= Beginning of Section =

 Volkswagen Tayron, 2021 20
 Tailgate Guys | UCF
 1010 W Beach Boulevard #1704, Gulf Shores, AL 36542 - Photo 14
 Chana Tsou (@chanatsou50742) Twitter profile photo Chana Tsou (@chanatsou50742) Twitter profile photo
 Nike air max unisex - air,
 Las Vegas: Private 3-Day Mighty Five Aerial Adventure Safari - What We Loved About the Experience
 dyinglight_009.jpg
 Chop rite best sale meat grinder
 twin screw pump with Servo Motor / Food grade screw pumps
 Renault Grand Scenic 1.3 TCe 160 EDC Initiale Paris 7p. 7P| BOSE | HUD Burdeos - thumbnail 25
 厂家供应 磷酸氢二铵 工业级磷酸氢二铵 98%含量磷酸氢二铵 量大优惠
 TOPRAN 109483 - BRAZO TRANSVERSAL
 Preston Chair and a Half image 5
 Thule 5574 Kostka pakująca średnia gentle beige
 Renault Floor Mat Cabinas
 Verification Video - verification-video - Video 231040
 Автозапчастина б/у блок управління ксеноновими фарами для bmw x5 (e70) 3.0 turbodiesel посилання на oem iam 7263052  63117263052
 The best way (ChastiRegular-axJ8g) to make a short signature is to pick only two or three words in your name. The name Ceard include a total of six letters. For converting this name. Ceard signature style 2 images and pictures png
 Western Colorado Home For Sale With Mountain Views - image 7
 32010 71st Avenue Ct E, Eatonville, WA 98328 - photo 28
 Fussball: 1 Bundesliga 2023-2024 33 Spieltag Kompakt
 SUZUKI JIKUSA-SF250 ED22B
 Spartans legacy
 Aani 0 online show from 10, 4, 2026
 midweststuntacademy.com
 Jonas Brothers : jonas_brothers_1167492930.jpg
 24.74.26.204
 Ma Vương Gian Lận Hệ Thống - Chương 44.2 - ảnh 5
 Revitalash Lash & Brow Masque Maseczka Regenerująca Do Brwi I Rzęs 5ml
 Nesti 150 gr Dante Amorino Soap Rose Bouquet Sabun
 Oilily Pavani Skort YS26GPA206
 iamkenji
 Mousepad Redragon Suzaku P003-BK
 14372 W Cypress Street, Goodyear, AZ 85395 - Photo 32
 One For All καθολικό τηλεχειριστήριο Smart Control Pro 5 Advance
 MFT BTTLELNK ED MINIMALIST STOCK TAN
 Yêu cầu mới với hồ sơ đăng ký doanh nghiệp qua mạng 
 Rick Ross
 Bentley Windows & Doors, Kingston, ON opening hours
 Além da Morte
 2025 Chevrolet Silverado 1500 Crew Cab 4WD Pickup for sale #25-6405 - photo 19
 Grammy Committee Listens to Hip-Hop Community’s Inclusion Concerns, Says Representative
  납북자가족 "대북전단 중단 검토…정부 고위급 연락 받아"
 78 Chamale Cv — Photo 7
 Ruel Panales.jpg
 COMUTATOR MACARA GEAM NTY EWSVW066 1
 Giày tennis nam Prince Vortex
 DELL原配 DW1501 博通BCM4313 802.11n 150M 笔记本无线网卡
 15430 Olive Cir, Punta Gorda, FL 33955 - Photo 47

= End of Section =

To do
Return each line above exactly.

Final answer
 Volkswagen Tayron, 2021 20
 Tailgate Guys | UCF
 1010 W Beach Boulevard #1704, Gulf Shores, AL 36542 - Photo 14
 Chana Tsou (@chanatsou50742) Twitter profile photo Chana Tsou (@chanatsou50742) Twitter profile photo
 Nike air max unisex - air,
 Las Vegas: Private 3-Day Mighty Five Aerial Adventure Safari - What We Loved About the Experience
 dyinglight_009.jpg
 Chop rite best sale meat grinder
 twin screw pump with Servo Motor / Food grade screw pumps
 Renault Grand Scenic 1.3 TCe 160 EDC Initiale Paris 7p. 7P| BOSE | HUD Burdeos - thumbnail 25
 厂家供应 磷酸氢二铵 工业级磷酸氢二铵 98%含量磷酸氢二铵 量大优惠
 TOPRAN 109483 - BRAZO TRANSVERSAL
 Preston Chair and a Half image 5
 Thule 5574 Kostka pakująca średnia gentle beige
 Renault Floor Mat Cabinas
 Verification Video - verification-video - Video 231040
 Автозапчастина б/у блок управління ксеноновими фарами для bmw x5 (e70) 3.0 turbodiesel посилання на oem iam 7263052  63117263052
 The best way (ChastiRegular-axJ8g) to make a short signature is to pick only two or three words in your name. The name Ceard include a total of six letters. For converting this name. Ceard signature style 2 images and pictures png
 Western Colorado Home For Sale With Mountain Views - image 7
 32010 71st Avenue Ct E, Eatonville, WA 98328 - photo 28
 Fussball: 1 Bundesliga 2023-2024 33 Spieltag Kompakt
 SUZUKI JIKUSA-SF250 ED22B
 Spartans legacy
 Aani 0 online show from 10, 4, 2026
 midweststuntacademy.com
 Jonas Brothers : jonas_brothers_1167492930.jpg
 24.74.26.204
 Ma Vương Gian Lận Hệ Thống - Chương 44.2 - ảnh 5
 Revitalash Lash & Brow Masque Maseczka Regenerująca Do Brwi I Rzęs 5ml
 Nesti 150 gr Dante Amorino Soap Rose Bouquet Sabun
 Oilily Pavani Skort YS26GPA206
 iamkenji
 Mousepad Redragon Suzaku P003-BK
 14372 W Cypress Street, Goodyear, AZ 85395 - Photo 32
 One For All καθολικό τηλεχειριστήριο Smart Control Pro 5 Advance
 MFT BTTLELNK ED MINIMALIST STOCK TAN
 Yêu cầu mới với hồ sơ đăng ký doanh nghiệp qua mạng 
 Rick Ross
 Bentley Windows & Doors, Kingston, ON opening hours
 Além da Morte
 2025 Chevrolet Silverado 1500 Crew Cab 4WD Pickup for sale #25-6405 - photo 19
 Grammy Committee Listens to Hip-Hop Community’s Inclusion Concerns, Says Representative
  납북자가족 "대북전단 중단 검토…정부 고위급 연락 받아"
 78 Chamale Cv — Photo 7
 Ruel Panales.jpg
 COMUTATOR MACARA GEAM NTY EWSVW066 1
 Giày tennis nam Prince Vortex
 DELL原配 DW1501 博通BCM4313 802.11n 150M 笔记本无线网卡
 15430 Olive Cir, Punta Gorda, FL 33955 - Photo 47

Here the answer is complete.